Итак, мир, который нем, - это мир пространственный, римский; мир, который говорит, - это мир временной, афинский. Рим обеспечивает единство и единообразие, с помощью которых создается недифференцированное пространство: "Ныне и грекам и варварам позволено свободно двигаться [...] всюду, куда они пожелают, как если бы они шли из отечества в отечество [...] Чтобы чувствовать себя в безопасности, им достаточно быть римлянами, или, точнее, принадлежать к тем, кто находится под вашей властью" (100). Но для всех нас существует два отечества: Рим, отечество физическое, и Афины, отечество логическое, которое из поколения в поколение бдительно хранит общность взглядов и мнений, заслуживающих поддержания.

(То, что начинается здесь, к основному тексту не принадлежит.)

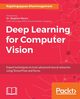 Deep Learning for Computer Vision, Shanmugamani Rajalingappaa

Нет, мы не станем более, подробно платоникам, винить Элия Аристида в том, что он якобы просто льстец и коллаборационист: демонстрируя приверженность римским ценностям, Похвала Риму вместе с тем фактически упраздняет их при помощи ценностей афинских, то и дело пополняя ими список недостающего. Но соглашаясь с афинскими ценностями - Афины говорят, - Элий Аристид самым недвусмысленным образом разрушает и их: единственное, на что еще способны Афины, - это говорить. Вершина софистической политики.